## Recorded data

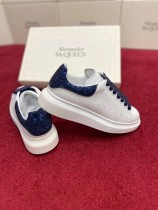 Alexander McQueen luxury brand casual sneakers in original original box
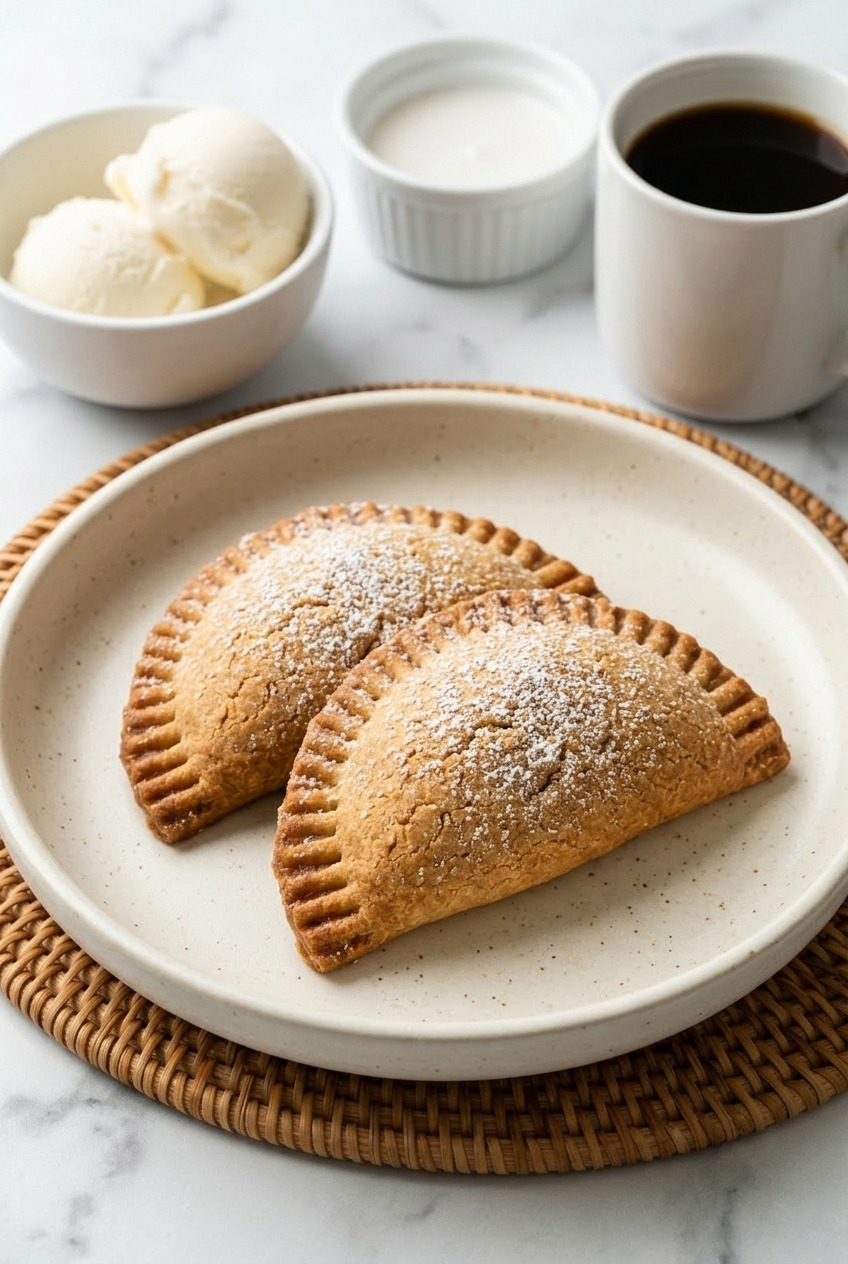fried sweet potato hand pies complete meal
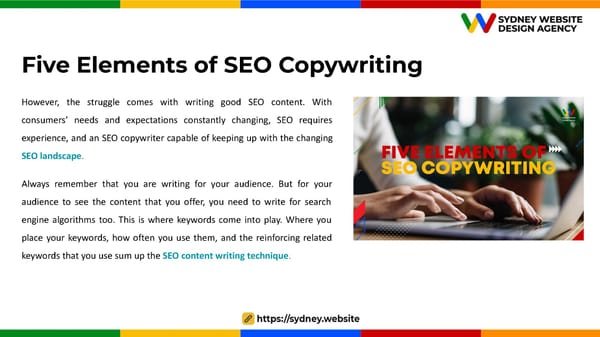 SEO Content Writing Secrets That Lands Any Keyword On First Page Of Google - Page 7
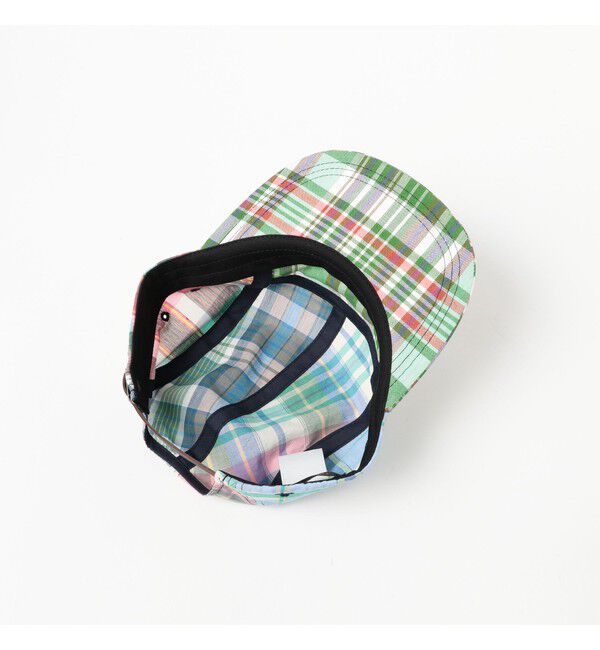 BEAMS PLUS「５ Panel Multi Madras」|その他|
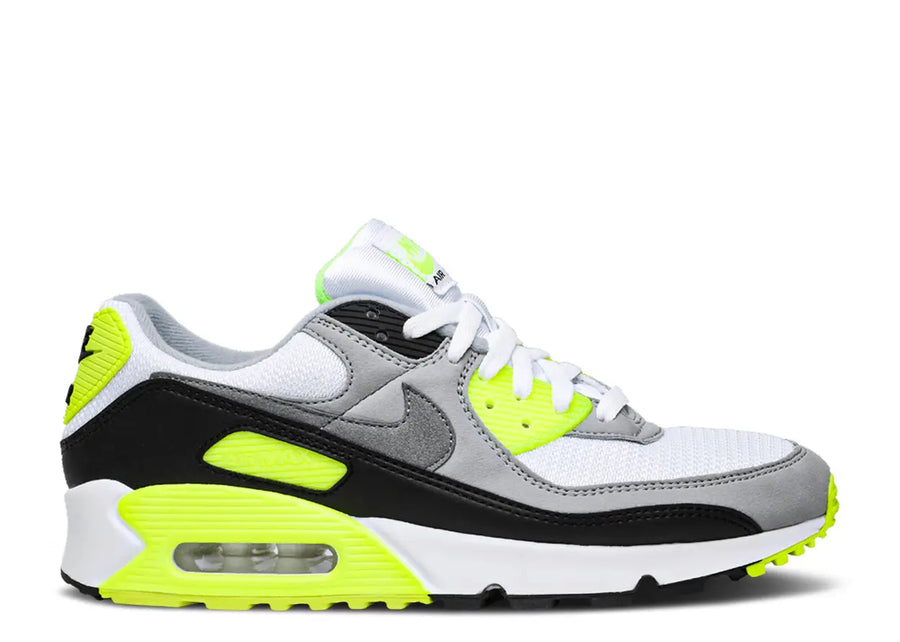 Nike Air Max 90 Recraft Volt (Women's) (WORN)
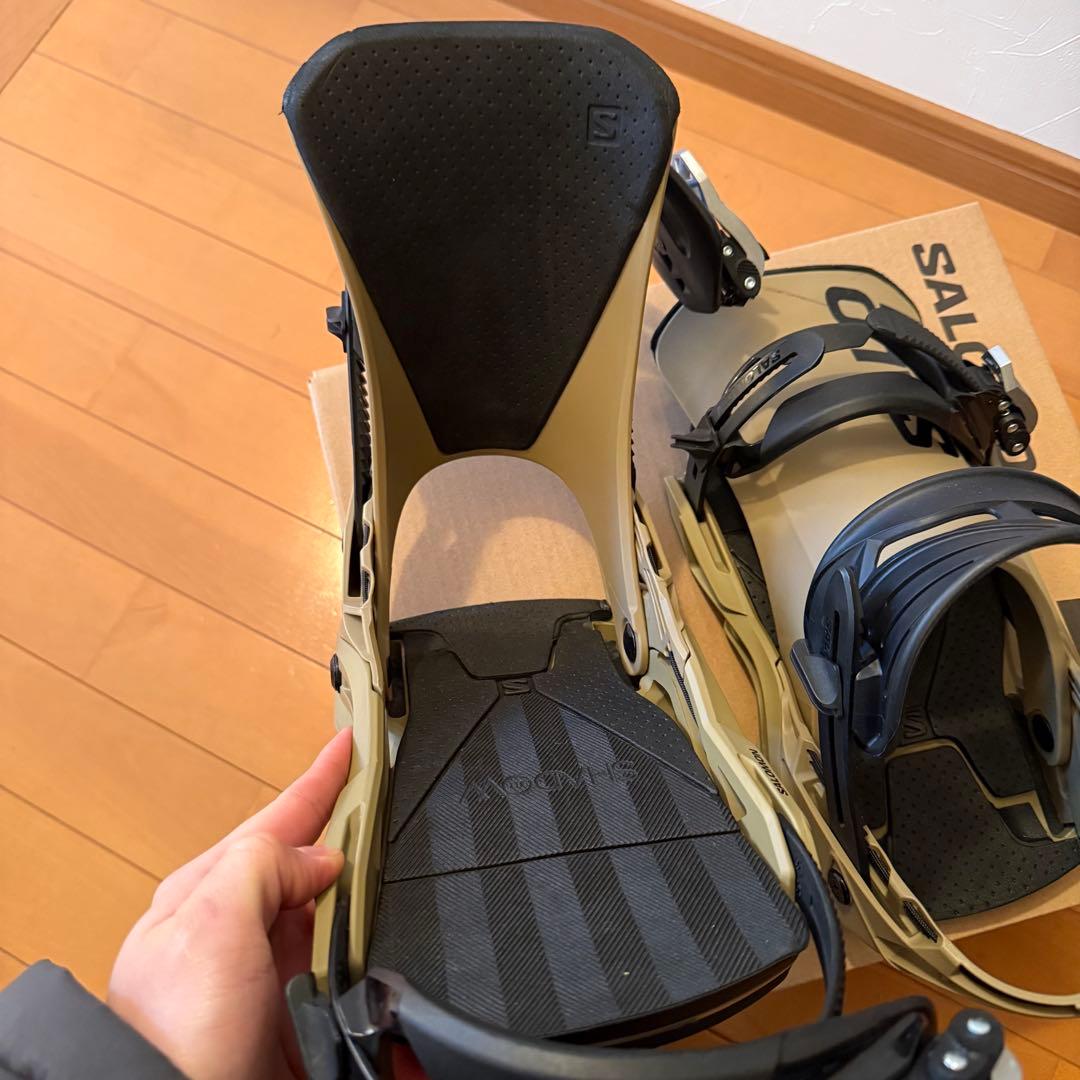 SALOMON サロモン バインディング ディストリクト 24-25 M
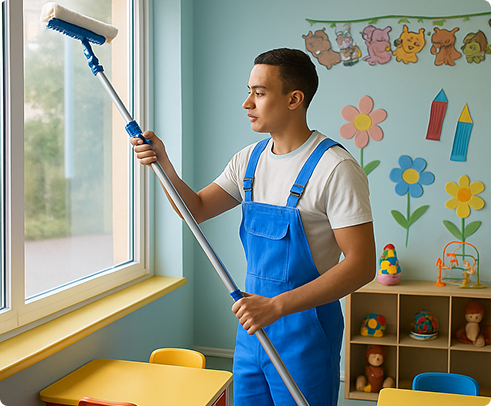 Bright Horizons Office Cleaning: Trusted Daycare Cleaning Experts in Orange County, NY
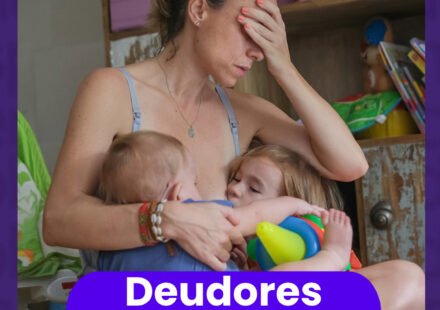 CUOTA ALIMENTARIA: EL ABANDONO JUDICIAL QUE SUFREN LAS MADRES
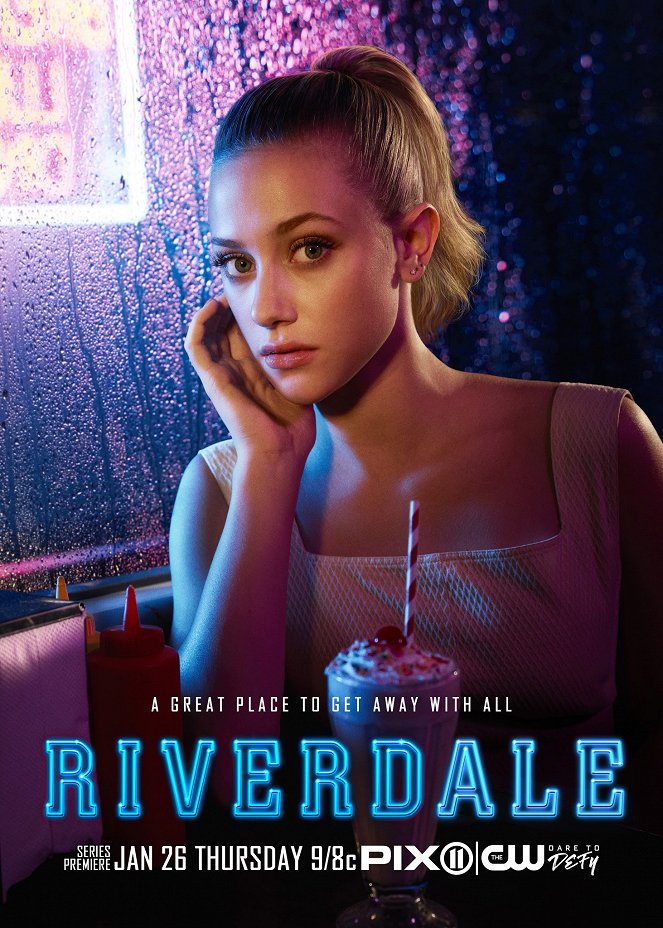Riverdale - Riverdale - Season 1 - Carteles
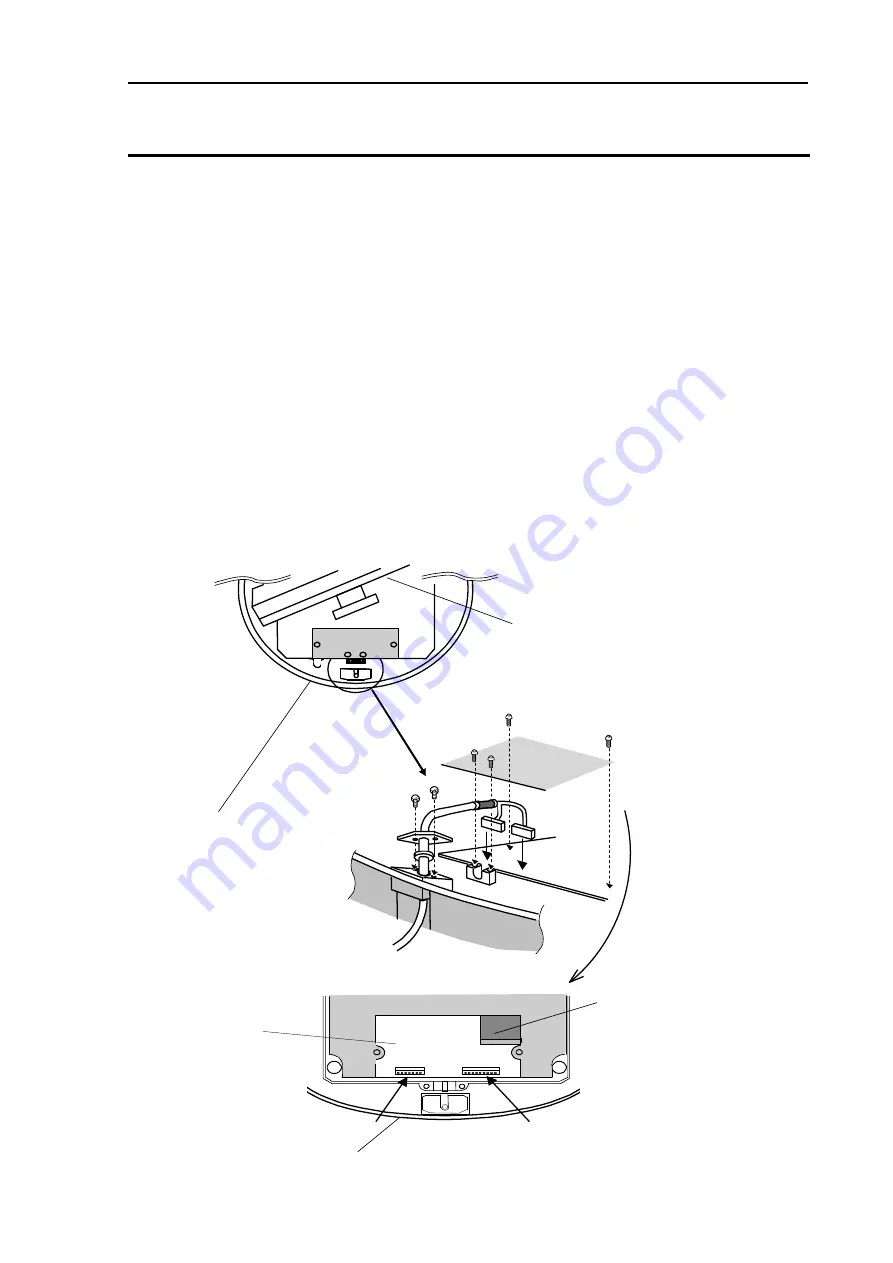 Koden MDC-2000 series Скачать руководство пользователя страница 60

## Activity
Your task is a word-for-word transcription of the entries, leaving out all pictures.

## Response to this task
 Alexander McQueen luxury brand casual sneakers in original original box
fried sweet potato hand pies complete meal
 SEO Content Writing Secrets That Lands Any Keyword On First Page Of Google - Page 7
 BEAMS PLUS「５ Panel Multi Madras」|その他|
 Nike Air Max 90 Recraft Volt (Women's) (WORN)
 SALOMON サロモン バインディング ディストリクト 24-25 M
 Bright Horizons Office Cleaning: Trusted Daycare Cleaning Experts in Orange County, NY
 CUOTA ALIMENTARIA: EL ABANDONO JUDICIAL QUE SUFREN LAS MADRES
Riverdale - Riverdale - Season 1 - Carteles
 Koden MDC-2000 series Скачать руководство пользователя страница 60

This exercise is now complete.